(Records for this task Opens)
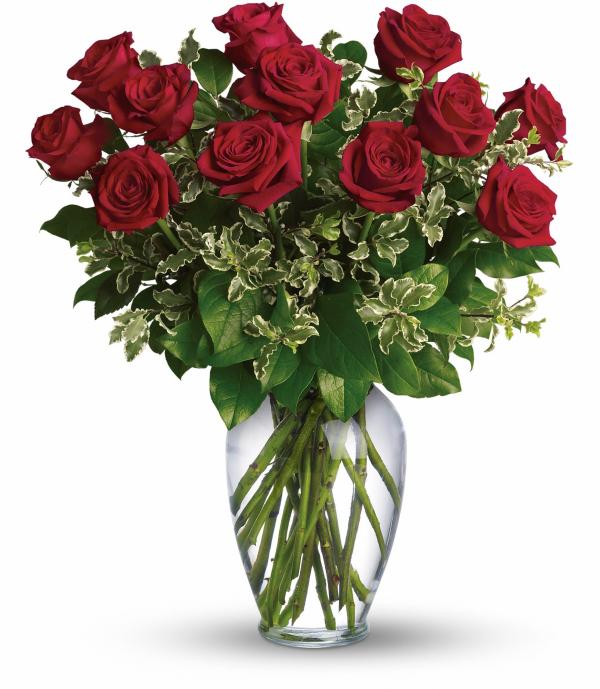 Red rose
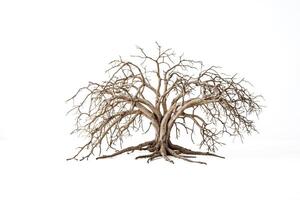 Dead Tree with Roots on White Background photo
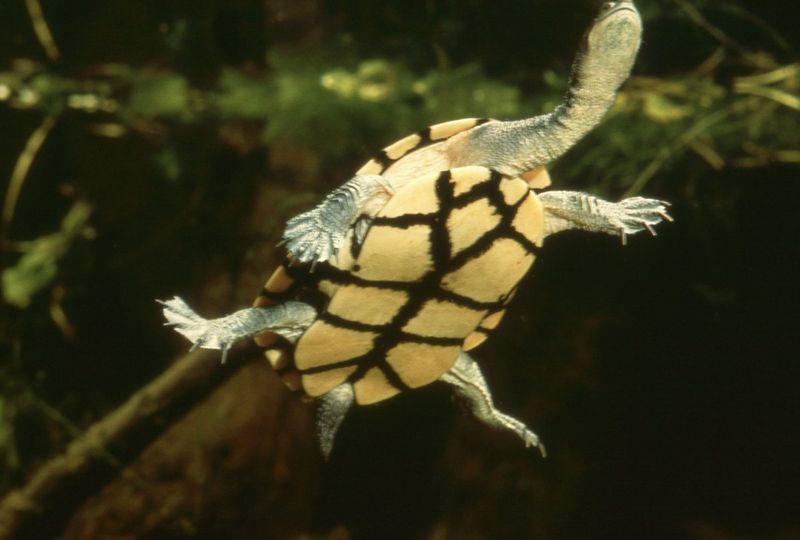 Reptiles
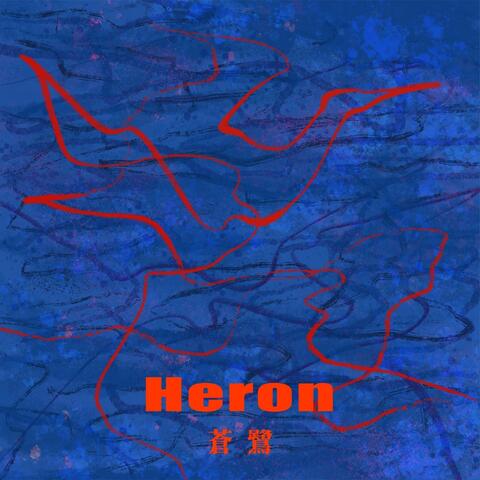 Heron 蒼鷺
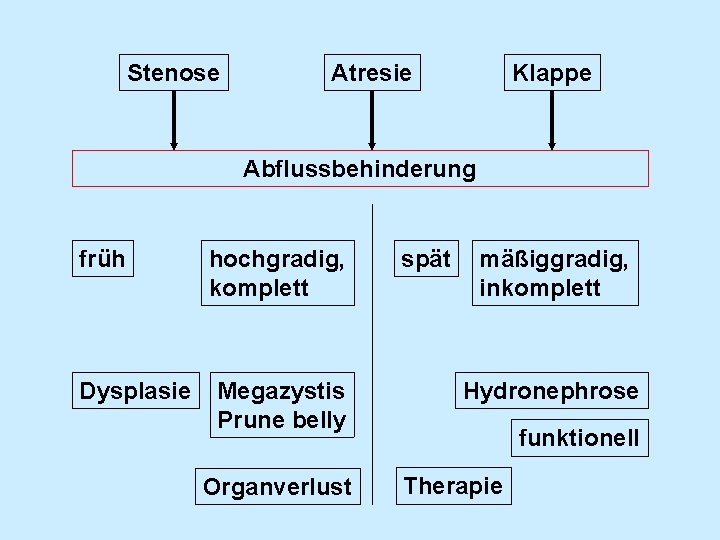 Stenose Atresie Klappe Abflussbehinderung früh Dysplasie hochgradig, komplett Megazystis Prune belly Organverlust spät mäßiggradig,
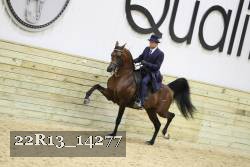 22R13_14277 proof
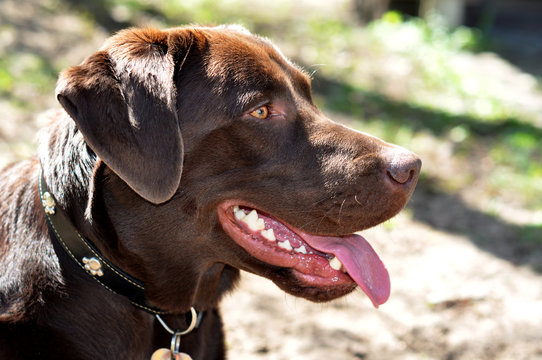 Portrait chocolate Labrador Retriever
(Records for this task Closes)
— Work instruction —
Give back all of the data exactly, but not the pictures.

— Expected answer —
 Red rose
 Dead Tree with Roots on White Background photo
 Reptiles
 Heron 蒼鷺
 Stenose Atresie Klappe Abflussbehinderung früh Dysplasie hochgradig, komplett Megazystis Prune belly Organverlust spät mäßiggradig,
 22R13_14277 proof
 Portrait chocolate Labrador Retriever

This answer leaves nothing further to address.